Jorge Miguel Ramírez Pérez.
“Todo tiene su tiempo, y todo lo que se quiere debajo del cielo tiene su hora. Tiempo de nacer, y tiempo de morir; tiempo de plantar, y tiempo de arrancar lo plantado; tiempo de matar, y tiempo de curar; tiempo de destruir, y tiempo de edificar; tiempo de llorar, y tiempo de reír; tiempo de endechar, y tiempo de bailar; tiempo de esparcir piedras, y tiempo de juntar piedras; tiempo de abrazar, y tiempo de abstenerse de abrazar; tiempo de buscar, y tiempo de perder; tiempo de guardar, y tiempo de desechar; tiempo de romper, y tiempo de coser; tiempo de callar, y tiempo de hablar; tiempo de amar, y tiempo de aborrecer; tiempo de guerra, y tiempo de paz. ¿Qué provecho tiene el que trabaja, de aquello en que se afana?” Eclesiastés 3
Este libro dentro de la Biblia: el Qohéleth en hebreo o Eclesiastés es un libro de sabiduría. Algunos eruditos mencionan que de los libros atribuidos al sabio rey Salomón se puede decir que todos, tienen como destinatarios cualquier mujer u hombre que los lee o escucha y mucho más si los aplica a su vida diaria; pero también dicen los conocedores, que hay énfasis en cada uno, por ejemplo: el Cantar de los Cantares tiene un particular enfoque en el amor de esposos; los Proverbios tiene una notoria relevancia para la enseñanza de los jóvenes y el Eclesiastés, para la reflexión analítica de las personas experimentadas que ansían llegar a concluir ideas sólidas para entender el transcurso de la vida.

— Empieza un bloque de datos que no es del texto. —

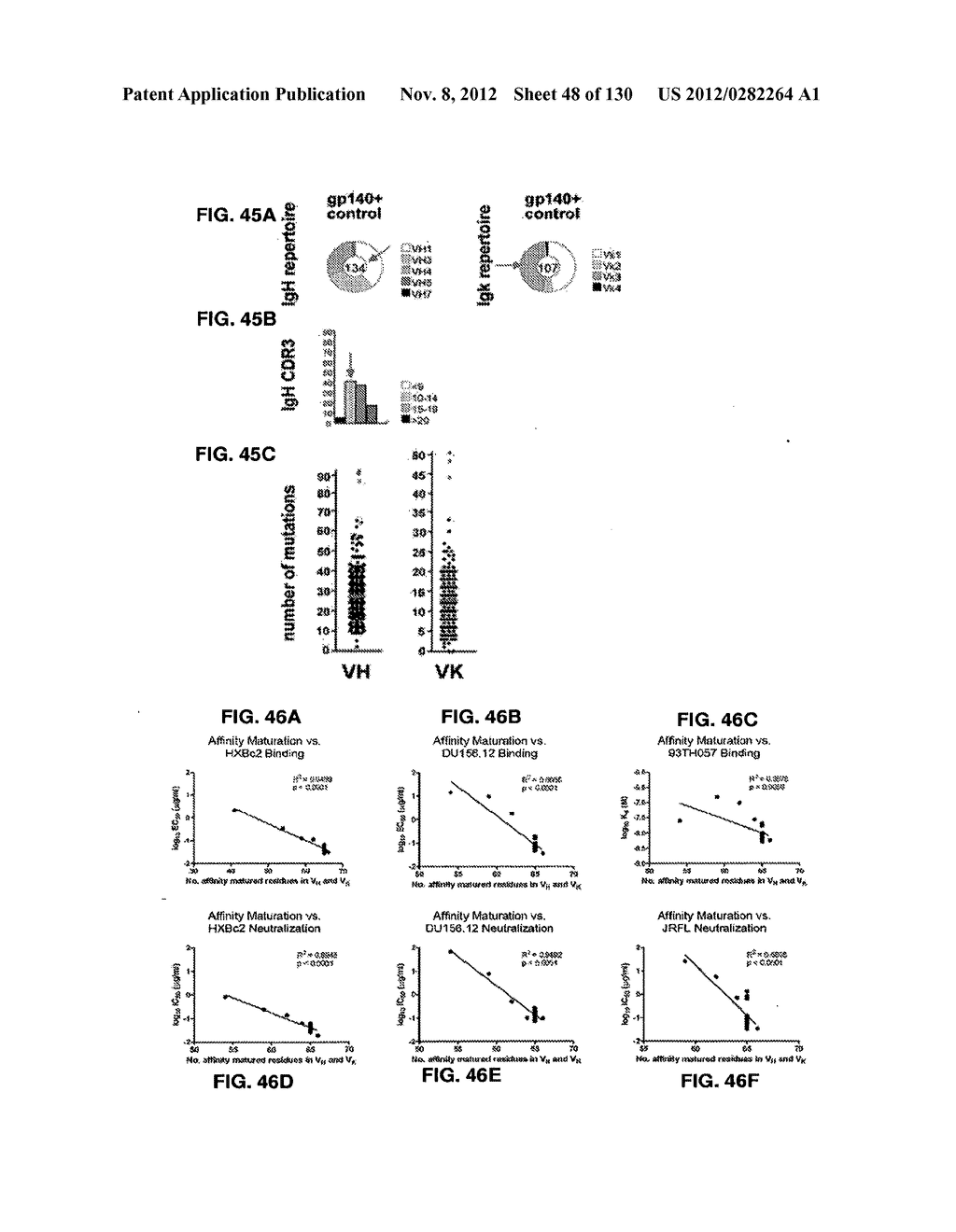 NEUTRALIZING ANTIBODIES TO HIV-1 AND THEIR USE - diagram, schematic, and image 49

Por eso la recomendación del Qoheléth es no confundirse en la vida y estimar el recurso del tiempo que, si bien dedicamos primordialmente a las actividades más comunes y corrientes, porque todo tiene su propia importancia y su tiempo marca las diferencias entre factores que nos agradan, como de aquellos que nos disgustan, no son los cotidianos esfuerzos o rutinas las que solamente deberían consumir la vida.
Y se vuelve evidente que no hemos entendido la vida cuando nuestro tiempo está en lo trivial o incluso en algo legítimo como es el compartir el valioso espacio del tiempo en lo que podemos hipotéticamente alcanzar. Porque si bien es cierto que quisiéramos hacer más y usar nuestro tiempo en temas que señalen cierta trascendencia, nuestros alcances reales son limitantes naturales que no podemos escalar.
Es en las crisis cuando los endiosamientos que hace la cultura desde aspectos que tienen reputación de lícitos como las amistades en el mundo, o los enajenamientos del consumismo y el hedonismo desenfrenado; son severamente cuestionados como fines sin el suficiente contenido para aliviar las amenazas que se despiertan cuando las cosas no marchan bien.
Porque una de las esperanzas en las que la sociedad moderna finca su estabilidad económica, social, y cultural, es indudablemente la acción del estado que, entre muchas cosas, ofrece en estos tiempos algo imposible de producir de parte de su esencia y sus extremidades burocráticas: la felicidad
Hoy el estado se erige como la estatua de mayor veneración a cuyos pies tiene esculpida una promesa que naturalmente está incapacitada a cumplir, una enorme falacia: dame todo y te daré el proyecto de felicidad que te corresponde según -supuestamente desde la visión marxiana- a tus capacidades y más adelante a tus necesidades.
Pero esa falsedad se produce porque hay decisiones que a diario se toman y que nos afectan, pero pocos reparan que muchas de ellas, de modo específico tienen un origen en un tiempo en el que fuimos omisos para pensar que se definían asuntos en los que pudimos intervenir con decisiones al menos medianamente acertadas, pero o no apreciamos sus consecuencias o nos abstuvimos de indagarlas suficientemente para obtener certeza del asunto.
Y es en este contexto cuando las crisis que retumban en las informaciones cotidianas que marcan rumbos adversos que obstaculizan nuestras expectativas, es cuando urge la revisión de nuestro contexto que hace agua y no ofrece soluciones.
En ese examen del tiempo que dedicamos a lo rutinario que se ve cuestionado o a las ambiciones voluntaristas, es el momento en el que surca por la cabeza la poca utilidad práctica de los gobiernos para devolver la estabilidad perdida. La estatua se ve corroída y sin posibilidad de mantenerse en pie.
Entonces agotados los recursos de la falacia nos queda solamente una roca de eternidad, recurrir a Dios, clamar usando el tiempo para arreglar cuentas y poder recomenzar, desde una perspectiva espaciosa, la del perdón.
Por eso el Eclesiastés cierra con esta frase impactante: “Porque Dios traerá toda obra a juicio, junto con toda cosa encubierta, sea buena o sea mala”.